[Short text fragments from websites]
=======

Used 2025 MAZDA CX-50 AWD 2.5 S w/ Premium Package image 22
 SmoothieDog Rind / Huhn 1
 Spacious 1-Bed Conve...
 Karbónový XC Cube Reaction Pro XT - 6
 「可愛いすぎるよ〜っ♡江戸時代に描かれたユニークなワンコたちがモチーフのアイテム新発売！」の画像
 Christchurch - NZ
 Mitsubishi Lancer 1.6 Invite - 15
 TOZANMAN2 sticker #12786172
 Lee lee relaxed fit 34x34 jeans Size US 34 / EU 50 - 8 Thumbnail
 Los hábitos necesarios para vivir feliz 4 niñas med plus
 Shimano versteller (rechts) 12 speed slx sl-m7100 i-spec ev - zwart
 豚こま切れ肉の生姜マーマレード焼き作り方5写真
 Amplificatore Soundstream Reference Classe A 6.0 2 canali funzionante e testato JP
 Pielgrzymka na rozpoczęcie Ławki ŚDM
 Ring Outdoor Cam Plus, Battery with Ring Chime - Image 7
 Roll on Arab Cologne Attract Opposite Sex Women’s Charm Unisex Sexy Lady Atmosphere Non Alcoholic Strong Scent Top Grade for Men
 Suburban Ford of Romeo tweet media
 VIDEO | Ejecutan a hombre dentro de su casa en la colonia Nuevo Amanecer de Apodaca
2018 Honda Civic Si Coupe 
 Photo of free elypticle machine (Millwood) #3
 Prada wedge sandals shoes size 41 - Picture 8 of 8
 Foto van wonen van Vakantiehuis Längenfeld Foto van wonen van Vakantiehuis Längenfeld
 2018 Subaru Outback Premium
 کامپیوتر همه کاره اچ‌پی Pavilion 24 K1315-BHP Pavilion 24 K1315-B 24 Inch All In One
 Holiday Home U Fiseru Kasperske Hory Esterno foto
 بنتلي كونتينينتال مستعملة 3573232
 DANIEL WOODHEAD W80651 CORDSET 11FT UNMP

=======

§ WHAT IS NEEDED: Nothing but the lines from the one containing "Holiday Home U" to the end of the entries belongs in the answer, and each must match exactly.

§ OUTPUT OF THE EXERCISE:
 Holiday Home U Fiseru Kasperske Hory Esterno foto
 بنتلي كونتينينتال مستعملة 3573232
 DANIEL WOODHEAD W80651 CORDSET 11FT UNMP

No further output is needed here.